The summary of the analysis:

**Order Trends Over Time**: Olist had a steady growth in revenue, especially notable in 2018. November 2017 had the highest monthly revenue, likely influenced by Black Friday sales.

**Average Order Value (AOV)**: The AOV varies across product categories, with technology, appliances, and safety categories demonstrating high performance. Payment method analysis indicates that credit card users have the highest AOV, while voucher payments show the lowest, suggesting varying customer spending behaviors.

**Seller Dynamics**: Olist had a total of 3,095 sellers, with a growing number of active sellers over time. This indicates a positive trend in seller engagement.

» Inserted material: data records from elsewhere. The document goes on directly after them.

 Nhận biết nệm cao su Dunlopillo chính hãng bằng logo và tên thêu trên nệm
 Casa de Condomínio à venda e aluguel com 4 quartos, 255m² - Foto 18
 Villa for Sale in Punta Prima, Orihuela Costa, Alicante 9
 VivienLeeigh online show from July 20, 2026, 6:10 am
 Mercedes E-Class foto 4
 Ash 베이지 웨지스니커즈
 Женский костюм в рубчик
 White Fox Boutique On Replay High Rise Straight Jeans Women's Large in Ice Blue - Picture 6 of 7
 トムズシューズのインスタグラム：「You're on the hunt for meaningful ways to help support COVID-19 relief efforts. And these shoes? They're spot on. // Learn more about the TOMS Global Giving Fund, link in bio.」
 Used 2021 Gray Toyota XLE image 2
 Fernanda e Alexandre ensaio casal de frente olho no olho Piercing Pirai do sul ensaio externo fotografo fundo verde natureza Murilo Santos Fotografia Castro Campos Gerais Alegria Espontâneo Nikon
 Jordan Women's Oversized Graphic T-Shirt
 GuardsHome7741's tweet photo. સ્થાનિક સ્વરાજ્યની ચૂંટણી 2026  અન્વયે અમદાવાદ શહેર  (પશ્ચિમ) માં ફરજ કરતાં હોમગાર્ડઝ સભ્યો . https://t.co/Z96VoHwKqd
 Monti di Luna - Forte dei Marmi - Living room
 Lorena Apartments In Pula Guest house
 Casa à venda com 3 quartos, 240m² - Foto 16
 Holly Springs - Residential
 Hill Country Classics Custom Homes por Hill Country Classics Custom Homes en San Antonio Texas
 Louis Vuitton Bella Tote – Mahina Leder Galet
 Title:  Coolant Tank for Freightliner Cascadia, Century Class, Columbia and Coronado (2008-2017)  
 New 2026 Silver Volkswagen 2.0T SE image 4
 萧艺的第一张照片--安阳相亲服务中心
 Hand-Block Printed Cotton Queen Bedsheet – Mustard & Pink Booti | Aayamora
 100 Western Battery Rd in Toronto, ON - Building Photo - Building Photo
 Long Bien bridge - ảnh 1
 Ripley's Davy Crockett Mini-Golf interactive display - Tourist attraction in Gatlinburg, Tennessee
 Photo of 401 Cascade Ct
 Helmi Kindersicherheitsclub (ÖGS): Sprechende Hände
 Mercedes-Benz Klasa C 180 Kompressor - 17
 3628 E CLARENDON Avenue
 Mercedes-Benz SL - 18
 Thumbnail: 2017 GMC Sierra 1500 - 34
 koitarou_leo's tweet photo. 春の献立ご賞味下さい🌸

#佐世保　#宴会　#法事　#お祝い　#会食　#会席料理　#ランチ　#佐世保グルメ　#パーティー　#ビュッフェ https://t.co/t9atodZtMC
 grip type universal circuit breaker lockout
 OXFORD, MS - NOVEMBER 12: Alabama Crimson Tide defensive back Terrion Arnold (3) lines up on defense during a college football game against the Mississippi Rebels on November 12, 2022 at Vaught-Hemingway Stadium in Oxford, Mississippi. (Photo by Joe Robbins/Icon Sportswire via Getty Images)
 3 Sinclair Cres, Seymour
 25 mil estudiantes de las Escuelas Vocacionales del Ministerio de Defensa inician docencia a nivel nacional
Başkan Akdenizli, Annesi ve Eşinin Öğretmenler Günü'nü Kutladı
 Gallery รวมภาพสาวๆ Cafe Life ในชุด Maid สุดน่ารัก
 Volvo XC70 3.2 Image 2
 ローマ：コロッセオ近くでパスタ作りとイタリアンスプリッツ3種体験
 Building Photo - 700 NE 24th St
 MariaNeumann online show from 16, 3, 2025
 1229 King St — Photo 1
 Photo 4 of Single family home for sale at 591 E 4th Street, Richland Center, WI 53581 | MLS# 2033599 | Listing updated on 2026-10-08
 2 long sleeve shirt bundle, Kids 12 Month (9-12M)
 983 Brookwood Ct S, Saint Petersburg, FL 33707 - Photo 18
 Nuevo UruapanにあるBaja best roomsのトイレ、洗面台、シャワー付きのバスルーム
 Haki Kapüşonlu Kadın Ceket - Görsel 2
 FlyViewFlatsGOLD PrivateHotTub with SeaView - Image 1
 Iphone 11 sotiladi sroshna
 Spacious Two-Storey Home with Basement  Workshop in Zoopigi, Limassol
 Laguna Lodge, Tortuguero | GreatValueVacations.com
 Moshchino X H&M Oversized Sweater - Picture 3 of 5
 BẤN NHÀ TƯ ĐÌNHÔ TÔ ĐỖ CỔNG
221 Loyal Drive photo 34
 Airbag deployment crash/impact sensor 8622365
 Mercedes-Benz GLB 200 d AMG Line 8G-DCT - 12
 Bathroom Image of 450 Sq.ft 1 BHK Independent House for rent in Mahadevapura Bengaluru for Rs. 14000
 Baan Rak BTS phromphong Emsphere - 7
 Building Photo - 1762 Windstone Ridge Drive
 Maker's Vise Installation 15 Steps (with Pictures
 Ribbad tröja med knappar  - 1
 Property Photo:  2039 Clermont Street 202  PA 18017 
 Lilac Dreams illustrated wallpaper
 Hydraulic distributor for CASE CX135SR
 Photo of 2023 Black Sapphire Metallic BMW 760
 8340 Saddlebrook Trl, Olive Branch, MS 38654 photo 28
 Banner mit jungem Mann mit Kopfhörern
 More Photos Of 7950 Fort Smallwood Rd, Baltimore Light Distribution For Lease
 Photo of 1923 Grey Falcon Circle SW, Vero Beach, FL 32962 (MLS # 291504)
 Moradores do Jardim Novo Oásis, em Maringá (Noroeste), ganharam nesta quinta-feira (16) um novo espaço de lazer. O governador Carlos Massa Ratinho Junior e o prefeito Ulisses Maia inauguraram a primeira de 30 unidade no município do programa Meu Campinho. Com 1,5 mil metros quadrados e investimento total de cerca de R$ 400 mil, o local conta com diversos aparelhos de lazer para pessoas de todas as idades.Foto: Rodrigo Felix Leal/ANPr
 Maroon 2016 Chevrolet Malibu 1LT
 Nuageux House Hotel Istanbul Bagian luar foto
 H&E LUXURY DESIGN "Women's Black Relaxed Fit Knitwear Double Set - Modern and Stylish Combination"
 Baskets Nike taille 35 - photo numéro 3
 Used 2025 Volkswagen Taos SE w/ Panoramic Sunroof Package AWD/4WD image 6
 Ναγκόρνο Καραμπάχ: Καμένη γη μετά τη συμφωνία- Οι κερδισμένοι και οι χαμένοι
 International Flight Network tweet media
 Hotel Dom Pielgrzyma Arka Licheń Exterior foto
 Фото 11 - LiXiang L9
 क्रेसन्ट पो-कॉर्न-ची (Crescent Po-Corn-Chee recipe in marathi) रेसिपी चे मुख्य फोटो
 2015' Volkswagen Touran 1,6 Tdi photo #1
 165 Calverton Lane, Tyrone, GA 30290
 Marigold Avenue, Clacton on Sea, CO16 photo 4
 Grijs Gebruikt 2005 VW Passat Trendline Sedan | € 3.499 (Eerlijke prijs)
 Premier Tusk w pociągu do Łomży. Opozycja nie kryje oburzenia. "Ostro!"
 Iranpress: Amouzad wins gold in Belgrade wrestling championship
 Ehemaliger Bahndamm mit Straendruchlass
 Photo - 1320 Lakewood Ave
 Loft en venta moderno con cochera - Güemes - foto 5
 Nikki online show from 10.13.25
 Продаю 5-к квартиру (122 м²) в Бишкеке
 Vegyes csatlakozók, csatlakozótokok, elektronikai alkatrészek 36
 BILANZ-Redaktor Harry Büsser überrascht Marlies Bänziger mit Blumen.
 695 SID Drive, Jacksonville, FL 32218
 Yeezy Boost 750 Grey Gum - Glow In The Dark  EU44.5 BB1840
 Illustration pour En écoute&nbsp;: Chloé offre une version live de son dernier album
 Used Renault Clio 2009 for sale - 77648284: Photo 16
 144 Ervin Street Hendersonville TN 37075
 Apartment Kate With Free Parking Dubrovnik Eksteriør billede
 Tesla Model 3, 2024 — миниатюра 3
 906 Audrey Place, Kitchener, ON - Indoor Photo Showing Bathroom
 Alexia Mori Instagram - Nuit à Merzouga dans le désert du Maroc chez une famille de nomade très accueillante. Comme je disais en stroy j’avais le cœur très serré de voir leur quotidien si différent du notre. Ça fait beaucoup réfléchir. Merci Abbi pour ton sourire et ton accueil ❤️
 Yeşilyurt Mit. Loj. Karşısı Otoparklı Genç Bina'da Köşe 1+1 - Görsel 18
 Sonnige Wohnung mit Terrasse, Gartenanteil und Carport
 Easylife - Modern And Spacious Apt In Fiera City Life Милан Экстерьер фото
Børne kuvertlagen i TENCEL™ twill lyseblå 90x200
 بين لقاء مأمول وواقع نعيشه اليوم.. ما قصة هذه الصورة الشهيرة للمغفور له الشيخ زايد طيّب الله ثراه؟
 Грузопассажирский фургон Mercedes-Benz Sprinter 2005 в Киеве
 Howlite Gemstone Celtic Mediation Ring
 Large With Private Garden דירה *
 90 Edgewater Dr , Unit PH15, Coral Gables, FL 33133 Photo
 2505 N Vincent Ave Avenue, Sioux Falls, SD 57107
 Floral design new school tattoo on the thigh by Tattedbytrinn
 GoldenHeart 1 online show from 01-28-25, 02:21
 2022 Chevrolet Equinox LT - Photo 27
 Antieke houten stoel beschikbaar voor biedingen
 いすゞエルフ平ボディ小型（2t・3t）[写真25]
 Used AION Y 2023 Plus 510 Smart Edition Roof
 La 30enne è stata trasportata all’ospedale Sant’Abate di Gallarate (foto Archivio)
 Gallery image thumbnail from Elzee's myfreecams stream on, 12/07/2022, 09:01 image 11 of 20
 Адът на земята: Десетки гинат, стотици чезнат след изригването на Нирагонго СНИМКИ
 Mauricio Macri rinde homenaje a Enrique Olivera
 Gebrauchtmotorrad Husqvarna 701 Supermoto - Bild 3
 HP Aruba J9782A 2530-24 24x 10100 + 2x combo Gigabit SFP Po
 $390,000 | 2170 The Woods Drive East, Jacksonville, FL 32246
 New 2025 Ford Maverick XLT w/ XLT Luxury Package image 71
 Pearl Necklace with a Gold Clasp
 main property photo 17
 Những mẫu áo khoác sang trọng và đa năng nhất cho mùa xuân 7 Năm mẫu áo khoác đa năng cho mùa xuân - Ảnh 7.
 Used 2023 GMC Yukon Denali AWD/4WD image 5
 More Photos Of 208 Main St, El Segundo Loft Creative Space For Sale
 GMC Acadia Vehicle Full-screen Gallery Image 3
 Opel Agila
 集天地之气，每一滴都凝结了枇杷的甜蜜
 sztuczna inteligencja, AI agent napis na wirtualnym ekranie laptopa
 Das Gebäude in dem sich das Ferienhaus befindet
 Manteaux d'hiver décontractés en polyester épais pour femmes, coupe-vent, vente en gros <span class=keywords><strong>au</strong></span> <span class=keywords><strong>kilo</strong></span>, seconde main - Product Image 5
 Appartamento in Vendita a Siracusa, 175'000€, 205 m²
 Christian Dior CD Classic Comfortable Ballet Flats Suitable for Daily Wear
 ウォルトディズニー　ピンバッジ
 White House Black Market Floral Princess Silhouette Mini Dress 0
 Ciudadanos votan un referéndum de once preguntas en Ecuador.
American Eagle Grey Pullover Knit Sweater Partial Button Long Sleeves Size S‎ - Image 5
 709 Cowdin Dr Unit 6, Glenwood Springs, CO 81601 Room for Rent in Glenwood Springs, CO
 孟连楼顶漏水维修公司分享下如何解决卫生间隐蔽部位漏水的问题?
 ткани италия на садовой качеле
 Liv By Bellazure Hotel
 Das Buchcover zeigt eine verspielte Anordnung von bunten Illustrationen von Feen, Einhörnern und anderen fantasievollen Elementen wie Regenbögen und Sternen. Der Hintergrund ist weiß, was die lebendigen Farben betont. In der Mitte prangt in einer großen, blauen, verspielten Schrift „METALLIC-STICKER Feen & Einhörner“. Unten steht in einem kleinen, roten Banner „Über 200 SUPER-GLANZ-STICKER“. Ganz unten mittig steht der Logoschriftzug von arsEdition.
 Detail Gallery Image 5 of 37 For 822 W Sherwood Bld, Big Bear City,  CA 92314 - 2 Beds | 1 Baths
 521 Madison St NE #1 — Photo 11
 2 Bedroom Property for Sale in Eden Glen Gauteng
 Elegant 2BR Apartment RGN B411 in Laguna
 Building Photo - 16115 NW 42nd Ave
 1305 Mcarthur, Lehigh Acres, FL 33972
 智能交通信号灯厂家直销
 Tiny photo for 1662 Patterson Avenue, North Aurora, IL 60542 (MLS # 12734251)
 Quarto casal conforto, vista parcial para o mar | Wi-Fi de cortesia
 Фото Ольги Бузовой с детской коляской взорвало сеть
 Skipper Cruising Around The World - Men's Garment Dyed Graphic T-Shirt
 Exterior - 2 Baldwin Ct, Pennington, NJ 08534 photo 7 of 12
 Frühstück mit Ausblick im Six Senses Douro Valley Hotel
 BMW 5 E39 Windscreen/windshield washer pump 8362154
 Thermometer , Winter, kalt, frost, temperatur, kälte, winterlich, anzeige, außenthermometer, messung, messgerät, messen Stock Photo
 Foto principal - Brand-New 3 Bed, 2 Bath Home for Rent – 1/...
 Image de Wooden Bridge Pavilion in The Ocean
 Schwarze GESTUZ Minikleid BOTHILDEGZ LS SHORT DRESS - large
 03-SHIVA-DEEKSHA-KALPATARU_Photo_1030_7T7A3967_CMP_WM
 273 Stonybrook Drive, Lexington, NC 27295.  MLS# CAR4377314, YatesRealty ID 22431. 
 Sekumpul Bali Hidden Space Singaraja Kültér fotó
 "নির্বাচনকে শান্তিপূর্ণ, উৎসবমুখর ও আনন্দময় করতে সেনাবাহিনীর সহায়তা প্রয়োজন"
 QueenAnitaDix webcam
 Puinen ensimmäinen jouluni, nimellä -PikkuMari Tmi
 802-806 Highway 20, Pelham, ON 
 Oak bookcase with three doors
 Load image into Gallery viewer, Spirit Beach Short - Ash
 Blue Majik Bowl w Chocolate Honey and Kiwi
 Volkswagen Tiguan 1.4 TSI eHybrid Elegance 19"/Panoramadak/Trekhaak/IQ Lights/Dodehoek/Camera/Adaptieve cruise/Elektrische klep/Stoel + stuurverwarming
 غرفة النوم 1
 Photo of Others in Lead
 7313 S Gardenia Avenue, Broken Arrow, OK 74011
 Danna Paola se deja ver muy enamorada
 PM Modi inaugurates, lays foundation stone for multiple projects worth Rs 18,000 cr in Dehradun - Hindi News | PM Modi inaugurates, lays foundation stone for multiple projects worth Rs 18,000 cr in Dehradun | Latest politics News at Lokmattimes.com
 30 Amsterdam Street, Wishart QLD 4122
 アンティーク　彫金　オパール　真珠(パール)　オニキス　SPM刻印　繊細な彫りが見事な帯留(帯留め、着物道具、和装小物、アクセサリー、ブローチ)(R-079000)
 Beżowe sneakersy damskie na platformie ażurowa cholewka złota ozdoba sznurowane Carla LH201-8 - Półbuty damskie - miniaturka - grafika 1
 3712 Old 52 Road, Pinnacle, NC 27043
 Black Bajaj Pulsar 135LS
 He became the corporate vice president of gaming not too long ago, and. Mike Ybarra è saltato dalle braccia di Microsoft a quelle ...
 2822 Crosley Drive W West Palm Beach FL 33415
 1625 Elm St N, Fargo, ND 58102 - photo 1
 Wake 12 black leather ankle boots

**Order Cancellation Rate**: The order cancellation rate is low at 0.63%, suggesting Olist's effective order management.

**Customer Re-Purchases**: Out of 90,096 customers, 2,924 made repeat purchases, contributing 5.6% to the total revenue. While returned customers are valuable, they don't dominate the revenue stream.

**Product Popularity and Ratings**: Popular products often have an average review score around 4.0, highlighting the challenge of balancing sales volume and high ratings. Overall, customer satisfaction is positive, with 78% of orders having high review scores, generating 65% of total revenue.

**Regional Analysis**: Sao Paulo, Rio de Janeiro, and Minas Gerais lead in the number of orders, likely due to their high population and economic significance. Customer retention rates vary across states, with smaller states like Acre and Rondonia showing higher CRR, possibly influenced by smaller sample sizes. Larger states like São Paulo and Rio de Janeiro have slightly lower CRR, suggesting a more competitive market.

In general, the company has demonstrated positive progress. The growth in revenue and orders from active sellers indicates that the platform is effectively fulfilling its mission.